02/07/2026
Awful news for any noncitizen detained in Texas, Louisiana, or Mississippi if they arrived in the U.S. without lawful admission. The Fifth Circuit Court of Appeals sided with the government this Friday, holding that illegal entrants are subject to mandatory detention. Aghast, the dissenting member of the three-judge panel wrote this: "The Congress that passed IIRIRA would be surprised to learn it had also required the detention without bond of two million people. For almost thirty years there was no sign anyone thought it had done so, and nothing in the congressional record or the history of the statute’s enforcement suggests that it did. Nonetheless, the government today asserts the authority and mandate to detain millions of noncitizens in the interior, some of them present here for decades, on the same terms as if they were apprehended at the border.... The overwhelming majority of courts... have recognized that the government’s position is totally unsupported.

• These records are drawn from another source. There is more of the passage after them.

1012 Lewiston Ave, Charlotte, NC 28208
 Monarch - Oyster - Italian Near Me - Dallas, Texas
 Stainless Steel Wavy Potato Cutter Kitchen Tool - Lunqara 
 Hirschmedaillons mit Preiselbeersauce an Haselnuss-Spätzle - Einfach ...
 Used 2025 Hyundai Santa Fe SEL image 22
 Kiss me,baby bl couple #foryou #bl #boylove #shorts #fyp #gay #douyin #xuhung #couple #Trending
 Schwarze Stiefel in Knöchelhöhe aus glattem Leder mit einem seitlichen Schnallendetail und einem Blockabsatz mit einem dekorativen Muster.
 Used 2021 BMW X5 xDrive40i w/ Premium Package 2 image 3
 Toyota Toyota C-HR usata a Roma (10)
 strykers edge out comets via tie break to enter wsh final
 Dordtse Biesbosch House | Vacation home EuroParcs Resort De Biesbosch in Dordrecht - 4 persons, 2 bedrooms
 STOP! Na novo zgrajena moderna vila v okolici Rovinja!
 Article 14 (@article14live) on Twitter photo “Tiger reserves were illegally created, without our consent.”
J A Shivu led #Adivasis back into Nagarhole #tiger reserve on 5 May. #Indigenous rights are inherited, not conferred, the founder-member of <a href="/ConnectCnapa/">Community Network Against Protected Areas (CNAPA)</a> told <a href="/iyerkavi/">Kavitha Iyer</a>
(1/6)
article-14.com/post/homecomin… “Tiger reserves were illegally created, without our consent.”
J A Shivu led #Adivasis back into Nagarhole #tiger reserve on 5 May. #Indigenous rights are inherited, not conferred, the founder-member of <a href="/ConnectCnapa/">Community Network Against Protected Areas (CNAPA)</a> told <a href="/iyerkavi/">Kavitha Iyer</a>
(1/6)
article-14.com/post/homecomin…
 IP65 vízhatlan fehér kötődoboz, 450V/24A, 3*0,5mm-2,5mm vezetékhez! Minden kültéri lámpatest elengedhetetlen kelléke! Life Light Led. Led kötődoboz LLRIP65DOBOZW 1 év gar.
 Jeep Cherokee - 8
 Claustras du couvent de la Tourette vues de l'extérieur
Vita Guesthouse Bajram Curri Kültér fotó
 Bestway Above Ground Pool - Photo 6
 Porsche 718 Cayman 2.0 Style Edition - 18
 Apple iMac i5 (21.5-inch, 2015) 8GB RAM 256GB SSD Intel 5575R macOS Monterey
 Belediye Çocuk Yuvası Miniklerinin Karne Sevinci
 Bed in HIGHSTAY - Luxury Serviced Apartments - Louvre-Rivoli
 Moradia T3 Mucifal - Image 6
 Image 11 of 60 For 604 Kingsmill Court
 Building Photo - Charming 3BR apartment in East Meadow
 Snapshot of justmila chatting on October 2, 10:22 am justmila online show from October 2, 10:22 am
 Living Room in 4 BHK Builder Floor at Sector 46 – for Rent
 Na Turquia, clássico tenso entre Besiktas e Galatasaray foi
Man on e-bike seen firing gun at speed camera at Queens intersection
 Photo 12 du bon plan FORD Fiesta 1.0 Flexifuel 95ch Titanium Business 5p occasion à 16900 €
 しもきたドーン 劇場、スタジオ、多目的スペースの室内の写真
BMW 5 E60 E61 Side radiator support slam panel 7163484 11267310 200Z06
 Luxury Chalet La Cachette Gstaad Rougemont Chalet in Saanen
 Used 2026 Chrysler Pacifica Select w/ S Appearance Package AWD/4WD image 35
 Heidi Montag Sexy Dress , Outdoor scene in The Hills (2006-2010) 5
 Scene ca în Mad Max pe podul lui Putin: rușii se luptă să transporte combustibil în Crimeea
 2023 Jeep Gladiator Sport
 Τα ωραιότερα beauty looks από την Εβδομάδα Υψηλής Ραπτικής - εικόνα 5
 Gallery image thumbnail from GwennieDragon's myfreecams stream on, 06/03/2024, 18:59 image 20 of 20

Undeterred, the majority and the government distort the statutory text, abstract it from its context and history, ignore the Supreme Court’s clearly stated understanding of the statutory scheme, and wave away the agency’s previous failure to detain millions of noncitizens as if it were a rounding error."
A divided federal appeals court upheld on Friday the Trump administration's policy of placing people arrested in its immigration crackdown in mandatory detention without an opportunity to be released on bond.